• _LISTED ENTRIES_

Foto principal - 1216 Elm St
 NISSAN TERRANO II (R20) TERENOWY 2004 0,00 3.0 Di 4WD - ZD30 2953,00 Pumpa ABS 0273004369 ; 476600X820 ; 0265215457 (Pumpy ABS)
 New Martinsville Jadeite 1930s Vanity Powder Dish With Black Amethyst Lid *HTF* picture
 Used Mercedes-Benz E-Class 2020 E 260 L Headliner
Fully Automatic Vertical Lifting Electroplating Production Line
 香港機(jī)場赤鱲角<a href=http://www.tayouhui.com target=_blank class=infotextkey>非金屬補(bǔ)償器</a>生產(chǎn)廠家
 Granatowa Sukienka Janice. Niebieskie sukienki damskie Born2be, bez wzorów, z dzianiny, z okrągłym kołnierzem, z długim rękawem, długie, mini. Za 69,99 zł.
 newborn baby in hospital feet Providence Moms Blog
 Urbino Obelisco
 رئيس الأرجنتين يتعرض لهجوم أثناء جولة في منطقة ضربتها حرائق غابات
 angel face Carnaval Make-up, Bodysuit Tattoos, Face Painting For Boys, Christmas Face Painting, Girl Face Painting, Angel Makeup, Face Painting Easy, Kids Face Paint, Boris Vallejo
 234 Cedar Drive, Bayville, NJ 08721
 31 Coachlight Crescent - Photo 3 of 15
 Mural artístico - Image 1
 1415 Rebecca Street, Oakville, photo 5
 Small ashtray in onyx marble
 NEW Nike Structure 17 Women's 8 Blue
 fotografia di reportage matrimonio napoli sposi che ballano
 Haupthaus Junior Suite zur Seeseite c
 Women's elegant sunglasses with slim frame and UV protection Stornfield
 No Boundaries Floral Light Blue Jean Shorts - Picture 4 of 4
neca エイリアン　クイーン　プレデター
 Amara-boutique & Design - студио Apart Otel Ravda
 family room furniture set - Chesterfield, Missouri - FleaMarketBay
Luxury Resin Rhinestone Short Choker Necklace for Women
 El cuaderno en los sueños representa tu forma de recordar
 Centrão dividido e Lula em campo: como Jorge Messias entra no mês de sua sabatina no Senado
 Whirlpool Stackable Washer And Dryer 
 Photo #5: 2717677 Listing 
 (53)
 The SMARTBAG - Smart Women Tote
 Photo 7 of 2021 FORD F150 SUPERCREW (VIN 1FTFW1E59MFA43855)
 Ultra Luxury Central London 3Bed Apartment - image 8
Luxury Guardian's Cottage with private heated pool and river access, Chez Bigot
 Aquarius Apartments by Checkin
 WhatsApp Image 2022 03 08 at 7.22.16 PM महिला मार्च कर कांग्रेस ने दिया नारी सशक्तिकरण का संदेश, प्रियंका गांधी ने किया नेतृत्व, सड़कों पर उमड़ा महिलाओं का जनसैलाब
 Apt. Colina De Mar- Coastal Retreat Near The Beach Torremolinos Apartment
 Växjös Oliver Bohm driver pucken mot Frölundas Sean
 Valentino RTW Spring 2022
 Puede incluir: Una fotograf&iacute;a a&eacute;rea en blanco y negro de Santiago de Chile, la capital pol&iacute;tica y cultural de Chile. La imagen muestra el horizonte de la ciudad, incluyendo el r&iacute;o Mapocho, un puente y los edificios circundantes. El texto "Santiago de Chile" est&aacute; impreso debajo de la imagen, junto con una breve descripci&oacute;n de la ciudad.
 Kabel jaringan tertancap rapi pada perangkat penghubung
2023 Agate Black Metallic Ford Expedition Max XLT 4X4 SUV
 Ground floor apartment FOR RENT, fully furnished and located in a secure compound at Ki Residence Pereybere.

• _TASK_
Only the lines from the start of the material through the line containing "Aquarius Apartments by Checkin" should be repeated, and they should be repeated exactly.

• _RESPONSE AREA_
Foto principal - 1216 Elm St
 NISSAN TERRANO II (R20) TERENOWY 2004 0,00 3.0 Di 4WD - ZD30 2953,00 Pumpa ABS 0273004369 ; 476600X820 ; 0265215457 (Pumpy ABS)
 New Martinsville Jadeite 1930s Vanity Powder Dish With Black Amethyst Lid *HTF* picture
 Used Mercedes-Benz E-Class 2020 E 260 L Headliner
Fully Automatic Vertical Lifting Electroplating Production Line
 香港機(jī)場赤鱲角<a href=http://www.tayouhui.com target=_blank class=infotextkey>非金屬補(bǔ)償器</a>生產(chǎn)廠家
 Granatowa Sukienka Janice. Niebieskie sukienki damskie Born2be, bez wzorów, z dzianiny, z okrągłym kołnierzem, z długim rękawem, długie, mini. Za 69,99 zł.
 newborn baby in hospital feet Providence Moms Blog
 Urbino Obelisco
 رئيس الأرجنتين يتعرض لهجوم أثناء جولة في منطقة ضربتها حرائق غابات
 angel face Carnaval Make-up, Bodysuit Tattoos, Face Painting For Boys, Christmas Face Painting, Girl Face Painting, Angel Makeup, Face Painting Easy, Kids Face Paint, Boris Vallejo
 234 Cedar Drive, Bayville, NJ 08721
 31 Coachlight Crescent - Photo 3 of 15
 Mural artístico - Image 1
 1415 Rebecca Street, Oakville, photo 5
 Small ashtray in onyx marble
 NEW Nike Structure 17 Women's 8 Blue
 fotografia di reportage matrimonio napoli sposi che ballano
 Haupthaus Junior Suite zur Seeseite c
 Women's elegant sunglasses with slim frame and UV protection Stornfield
 No Boundaries Floral Light Blue Jean Shorts - Picture 4 of 4
neca エイリアン　クイーン　プレデター
 Amara-boutique & Design - студио Apart Otel Ravda
 family room furniture set - Chesterfield, Missouri - FleaMarketBay
Luxury Resin Rhinestone Short Choker Necklace for Women
 El cuaderno en los sueños representa tu forma de recordar
 Centrão dividido e Lula em campo: como Jorge Messias entra no mês de sua sabatina no Senado
 Whirlpool Stackable Washer And Dryer 
 Photo #5: 2717677 Listing 
 (53)
 The SMARTBAG - Smart Women Tote
 Photo 7 of 2021 FORD F150 SUPERCREW (VIN 1FTFW1E59MFA43855)
 Ultra Luxury Central London 3Bed Apartment - image 8
Luxury Guardian's Cottage with private heated pool and river access, Chez Bigot
 Aquarius Apartments by Checkin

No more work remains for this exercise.